History of League of Legends

Nearly everyone in the world has, at some point or another, heard the name League of Legends. For years, it was the most played game in the world, and for good reason. The team at Riot Games, the creators of League of Legends, was made up of some of the world’s best game development and artistic design talent.

The history of League of Legends, though, is more than just the history of a single game. The history of League of Legends is the history of an entire genre; one that would prove to change the world of gaming forever.

League of Legends would have never seen the success it did if not for another world-famous game by the name of Warcraft III. Warcraft III was famous in its own right, being one of the most critically-acclaimed strategy games ever made, but one of the player-made custom game modes, known at the time as “Defense of the Ancients,” rose to fame almost independent of the game whose tools were used to create it.

Defense of the Ancients was an evolution of a single element of Warcraft III; players controlled a single character that evolved throughout the course of the game, gaining abilities and weapons that made them more powerful against other players. While in Warcraft III heroes were only a single part of the gameplay of a match, Defense of the Ancients made them the focus of each match of play. Thus, the earliest standalone form of the “MOBA” was born.

MOBA stands for Multiplayer Online Battle Arena, and it’s a genre that is more or less defined by the foundations that DoTA laid out back when it was just a sub-game within Warcraft III. While there was another popular game mode in an earlier game (Starcraft’s Aeon of Strife custom mode) that featured many similar elements to what is now recognized as a MoBA, it never reached the level of popularity or refinement that DoTA later would.

Three “lanes” with continuously respawning computer-controlled soldiers, defensive towers set at regular intervals, and shortcuts between each of the lanes are featured in nearly every single MoBA-style game on the market, including League of Legends, and these were the characteristic feature of the DoTA custom game type.

What made League of Legends so special was that it was a fresh start; it wasn’t built in Warcraft III’s engine, didn’t utilize any of Warcraft III’s premade assets, and had its own unique approach to the design of the “DoTA-style” gametype.

A sizeable number of members of the DoTA Allstars team were actually the founders of League of Legends, and they were committed to not only evolving the spirit of the MOBA but also to distinguishing their game from the custom gametype they’d worked on so long.

Warcraft III’s custom game engine was creative for what it was, but it was also limiting. The League of Legends team could never have made their unique vision with re-used or partially-modified assets from Warcraft III, no matter how good Warcraft III had been.

The birth of League of Legends was something like the rise of a phoenix; League of Legends came from a game that was remarkably popular, but stagnating stylistically, and became a free-to-play, innovative, and ambitious title that had its own look and feel. The team knew they couldn’t stay small, though.

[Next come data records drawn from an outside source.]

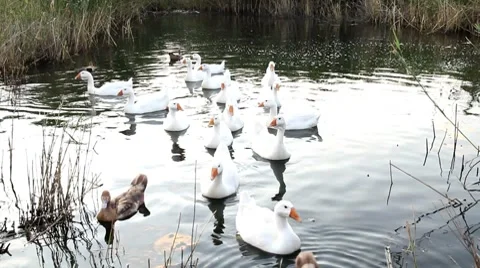 Geese in pond Full HD Stock Footage 8112015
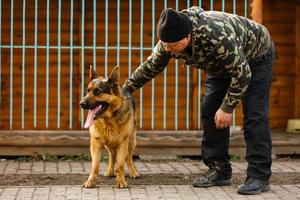 een Mens opleiding zijn Duitse herder hond buitenshuis foto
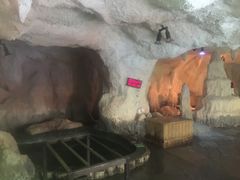 -青岛海泉湾度假区温泉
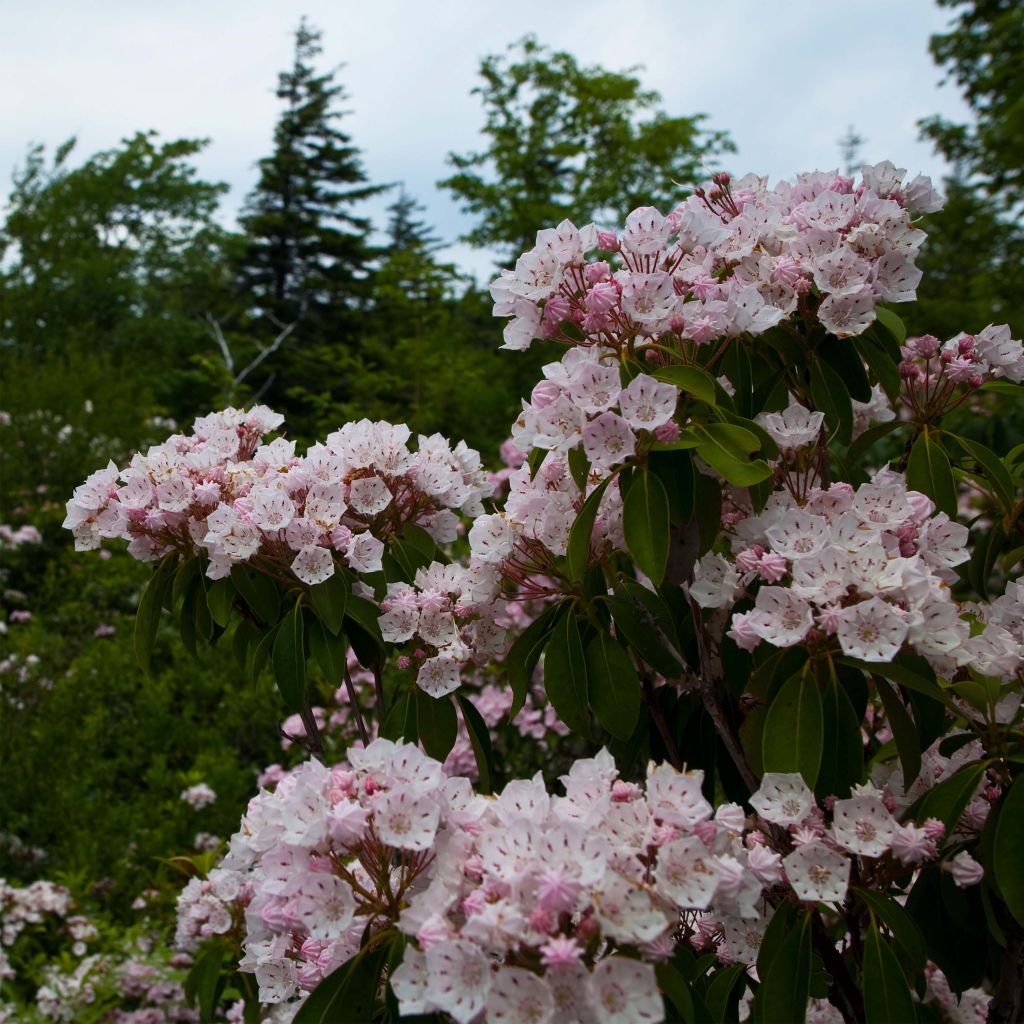 Kalmia latifolia - Laurel de montaña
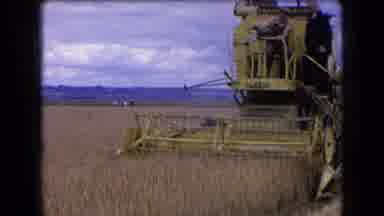 France (1963): Large Yellow Tractor Plowing Through A Field Of Wheat During The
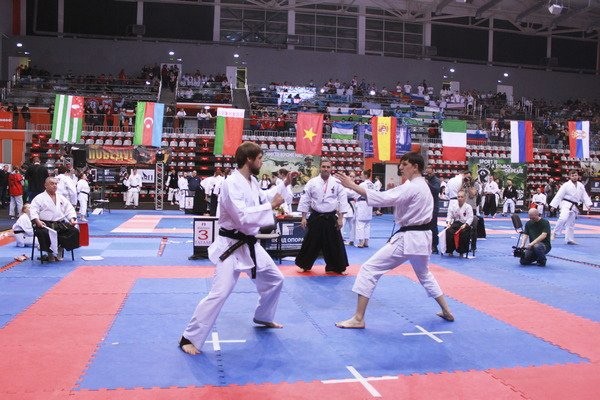 Кинешемец Рафаэль Саргсян победил на Кубке мира по фудокан каратэ-до фото 4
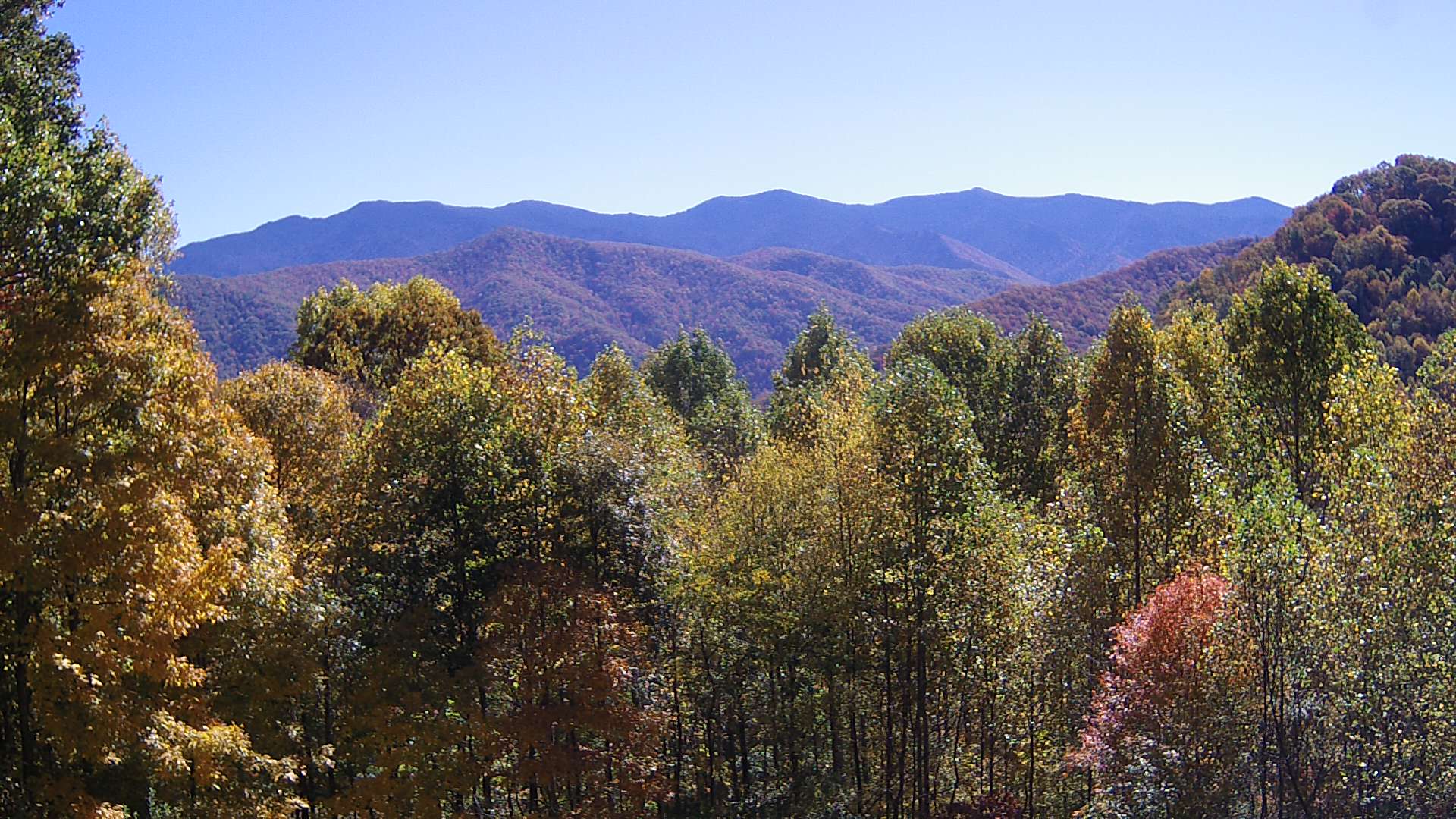 click for next image... slideshow image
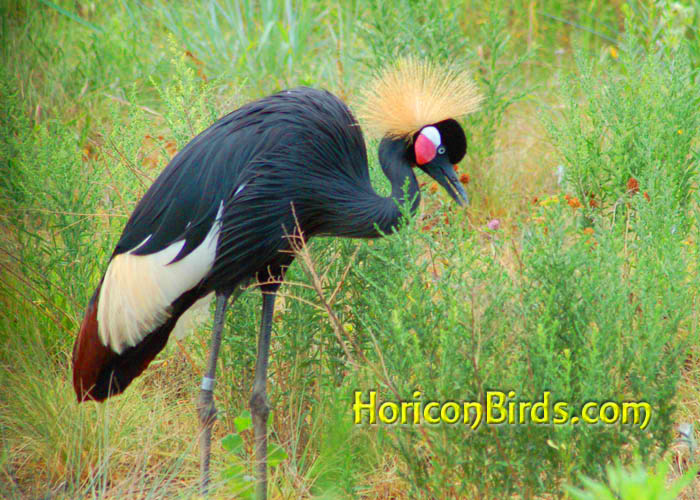 Grey Crowned Crane with increased saturation, photo by Pam Rotella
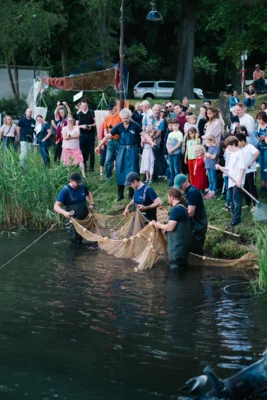 Traditionelle Fischfang-Demo, der Sacrower Fischzug, beim Tag der offenen Türen 2024 (Foto: P. Czapla, IfB) (Bild vergr&ouml;&szlig;ern)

They harnessed talent from all over the globe, turning the interest and passion of the Allstars community into an updraft that allowed for the launch of a vibrant e-sports scene, global popularity, and the interest of thousands of players who had never come into contact with DoTA at all.

League of Legends still thrives to this very day, being one of the most watched games on Twitch.tv and YouTube. Their tournaments regularly net hundreds of thousands of viewers, and the personalities involved in League of Legends are some of the most recognizable in all of gaming now.

While many games have come to challenge League of Legends since it’s launch (including DoTA 2 and Warcraft III creator Blizzard’s own spin on the MoBA genre, Heroes of the Storm,) none have yet managed to harness the sheer energy of the gaming community like League has. At least, not yet.